TrueSkill fits well when matchmaking involves complex multiplayer dynamics, varying squad sizes, or free-for-all structures. It thrives in the chaos of modern esports, where predicting the outcome of a match requires untangling the combined efforts of multiple players. It does not fit well for simple pairwise comparisons where the computational overhead of Bayesian inference is unnecessary.[6]
The journey from Elo to TrueSkill mirrors the evolution of gaming itself. As competition shifted from quiet tournament halls to global, 24/7 digital arenas, the math had to adapt. By embracing uncertainty and probability, modern matchmaking ensures that the invisible engine keeps running, keeping players challenged, engaged, and always chasing the next fair fight.[6]
How we got here
1960
Arpad Elo develops the Elo rating system to improve upon the Harkness system in chess.
1995
Mark Glickman introduces the Glicko system, adding a 'rating deviation' metric to measure uncertainty.
2000
Glicko-2 is published, introducing a volatility metric to account for sudden changes in player skill.
2005
Microsoft Research develops TrueSkill to handle team-based matchmaking for the launch of Xbox Live.
Viewpoints in depth
Traditionalists
Advocates for the simplicity and transparency of the Elo system.
Proponents of the classic Elo system, including many over-the-board chess federations like FIDE, argue that a rating system must be easily calculable and transparent to the players. In this view, a player should be able to look at a simple table, see their opponent's rating, and know exactly how many points are at stake before the match begins. They view the hidden variables of modern systems—like uncertainty and volatility—as opaque mechanisms that can make players feel disconnected from their own progression.
Modern Matchmakers
Engineers prioritizing rapid convergence and player retention.
For developers of digital games, the priority is getting a new player into a fair match as quickly as possible. This camp argues that Elo is fundamentally broken for online environments because it requires dozens of games to find a player's true skill, during which time the player is either being crushed or ruining the game for lower-level opponents.

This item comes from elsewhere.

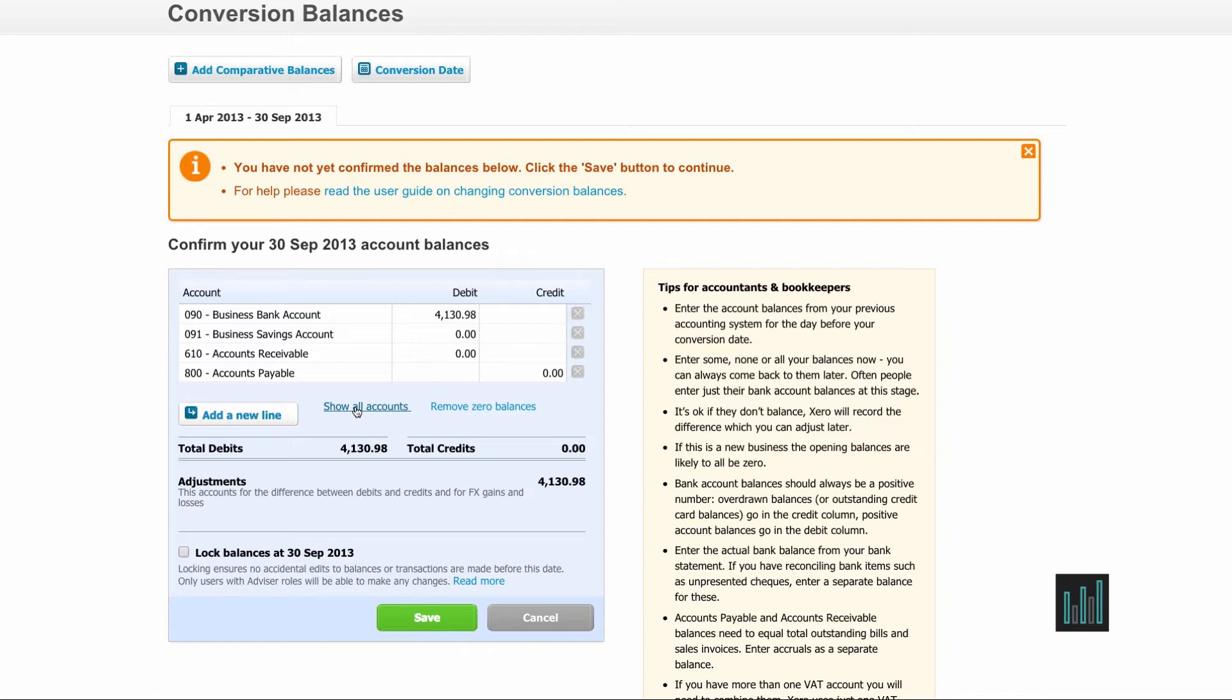I did say you just need to enter the balances from your trial balance against the same accounts in Xero, but there are exceptions and the first exception is the bank accounts. Xero works from the bank statement lines so you may have had transactions in your previous system which are not yet showing on the bank statement.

They champion Bayesian systems like Glicko-2 and TrueSkill because these algorithms mathematically quantify their own ignorance, allowing them to make massive rating adjustments early on and lock in a fair rank in a fraction of the time.
What we don't know
- How proprietary tweaks to these algorithms by individual game studios affect long-term player retention.
- Whether future algorithms will incorporate in-game biometric data or hardware latency into skill calculations.
Key terms
- Zero-sum
- A system where any points gained by the winner are exactly equal to the points lost by the loser.
- Rating Deviation (RD)
- A measure of how uncertain the system is about a player's true skill; a higher RD means greater uncertainty.
- Volatility
- A metric in Glicko-2 that measures the degree of expected fluctuation in a player's performance over time.
- Bayesian Inference
- A statistical method that updates the probability of a hypothesis as more evidence or information becomes available.
Frequently asked
Why do I lose more points than I gain?
If you lose to a player with a lower rating than yours, the system penalizes you more heavily because you were statistically expected to win.
Why does my rank reset or decay?
Modern systems increase your 'uncertainty' metric when you stop playing. When you return, your rating may fluctuate more wildly until the system is confident in your current skill.
Is 'Elo hell' a real mathematical concept?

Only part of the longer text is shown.